I use beavercare gloss, lasts a while. None will last a long time with all the rain we get but this is the best one i have found.

http://www.beavercare.co.uk/for-cars/car-wheel-care/tyre-dressing-hg


----------



## Demetrios72 (Jun 27, 2011)

Autosmart Trim Wizard & Highstyle are very good tyre dressings


----------



## steelghost (Aug 20, 2015)

Have just got some Finish Kare #108 dressing, makes the tyres really hydrophobic and seems to last well enough. Not very "wet" looking, just about manages to be satin with two coats (which I like, but different folks want different things from their tyre dressings).


----------



## Jcwminiadventures (Dec 3, 2011)

I've tried sooooooooooooooooooooooo many but they don't last after one drive or lucky if they lasted a few days. I've just given up with the convencinal products. 

Only products that seems to working for me is tuff shine it's not cheap for intial layout as you need the cleaner to scrub the tyre throughly then black restorer if there not new tyres, & then clear coat to seal all your hard work.
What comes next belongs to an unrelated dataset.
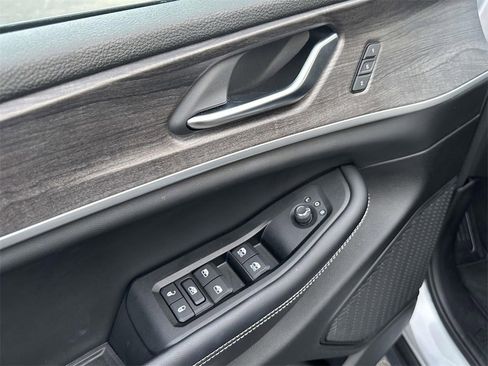 Used 2023 Jeep Grand Cherokee Limited image 17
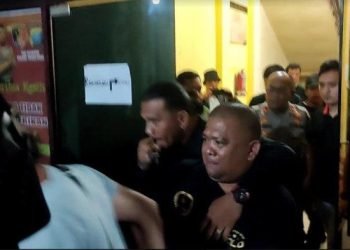 Samsul Tarigan saat diboyong ke Polrestabes Medan usai ditangkap di Kabupaten Karo. 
Working well for me way out wins the convential tyre dressing. Been on over 2wks the tears are still going strong & fronts (front wheel drive) only needed one coat to top up. 

Highly recommended so far


----------



## Hereisphilly (Nov 17, 2014)

You need to try gyeon tyre, that stuff is amazing and lasts for weeks
Degrease your tyres prior, then apply 2 coats. Looks ace and lasts

Sent from my Nexus 6P using Tapatalk


----------



## MDC250 (Jan 4, 2014)

Hereisphilly said:


> You need to try gyeon tyre, that stuff is amazing and lasts for weeks
> Degrease your tyres prior, then apply 2 coats. Looks ace and lasts
> 
> Sent from my Nexus 6P using Tapatalk


This is the one I tend to reach for...but have some Pneus to try next.


----------



## great gonzo (Nov 4, 2010)

The new CarChem one looks interesting! Might be worth trying that and a review for us all. 
I use Gtechs T1 if I'm after a more durable dressing. 

Gonz.


----------



## jactac (Apr 3, 2016)

Right, I'm going throw a curve ball in here and probably shock many of you.

There's a spray on product called "Black Pack", that is intended for plastic trim inside and outside of the car, but I use it on the tyres and its awesome, no splatter, instant black wet look, and it lasts ages.
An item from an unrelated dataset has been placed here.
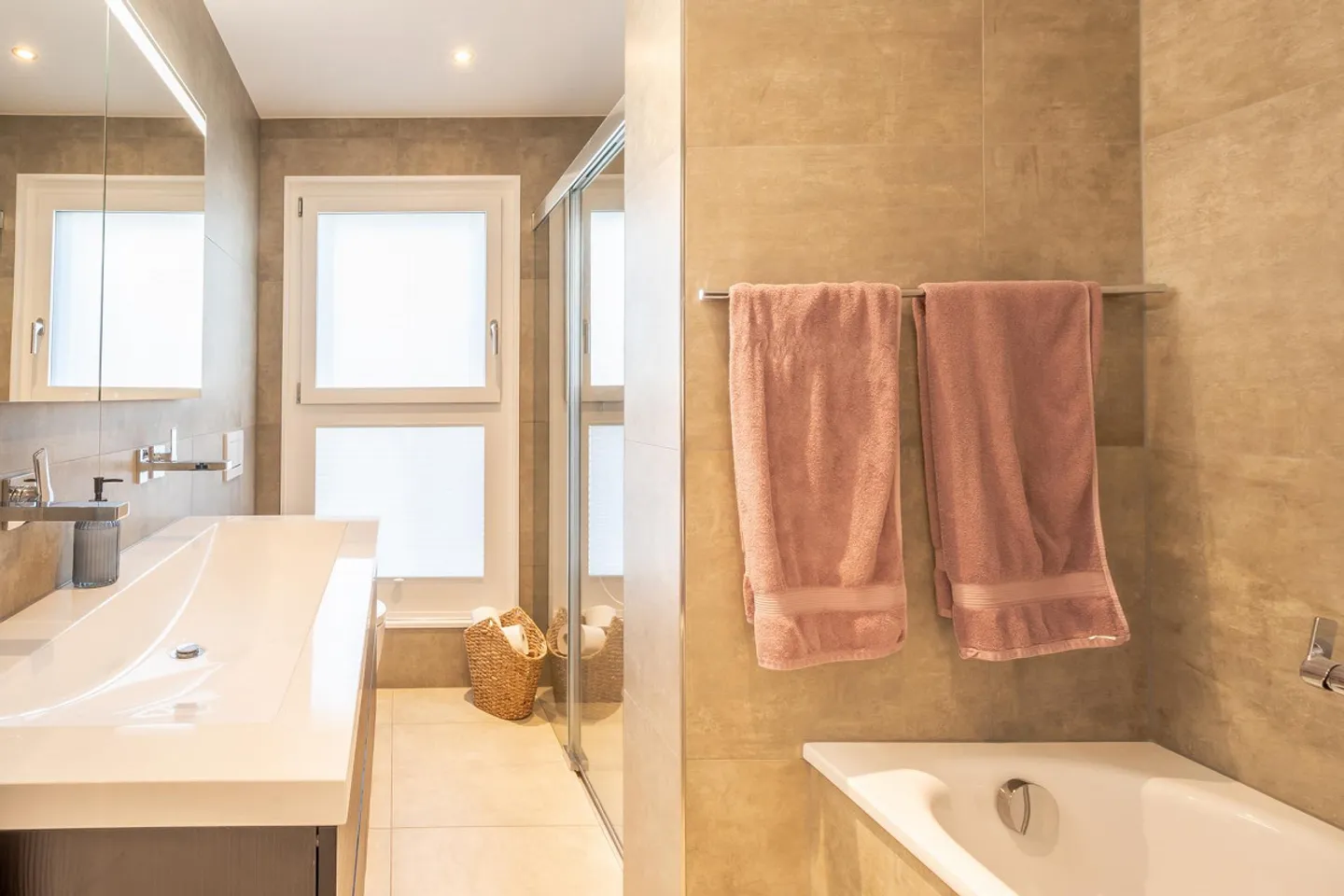 Appartamento nuovo elegante con grande area giardino - Foto 21 di 25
Now then heres the curve ball, it cost's £1 in the Pound shop or 99p in B&M discount stores.
Honestly if you can get hold of this stuff you'll be more than happy with the results.
I'm constantly asked what I use on the tyres and when I tell people what it is they just dont believe me.

Pricey products are not always the best !!


----------



## Ceejay21868 (Jan 27, 2016)

jactac said:


> Right, I'm going throw a curve ball in here and probably shock many of you.
> 
> There's a spray on product called "Black Pack", that is intended for plastic trim inside and outside of the car, but I use it on the tyres and its awesome, no splatter, instant black wet look, and it lasts ages.
> 
> ...


Good to hear.

I'm also using a "cheapy" albeit, not to your degree. Mine is Car Plan Tyre Slik, picked it up for £4 from Asda.
It's been on my tyres just over 3 weeks and their still beading, with only a slight drop off in colour from when first applied !


----------



## MagpieRH (May 27, 2014)

Have used the Gyeon a few times on mine - got a sampler in a waxybox, still using the sample bottle; have about half of it left, it really does go a long way! Looks good on the tyres too :thumb:


----------



## simon burns (Nov 1, 2011)

Ceejay21868 said:


> Good to hear
> 
> I'm also using a "cheapy" albeit, not to your degree. Mine is Car Plan Tyre Slik, picked it up for £4 from Asda.
> It's been on my tyres just over 3 weeks and their still beading, with only a slight drop off in colour from when first applied !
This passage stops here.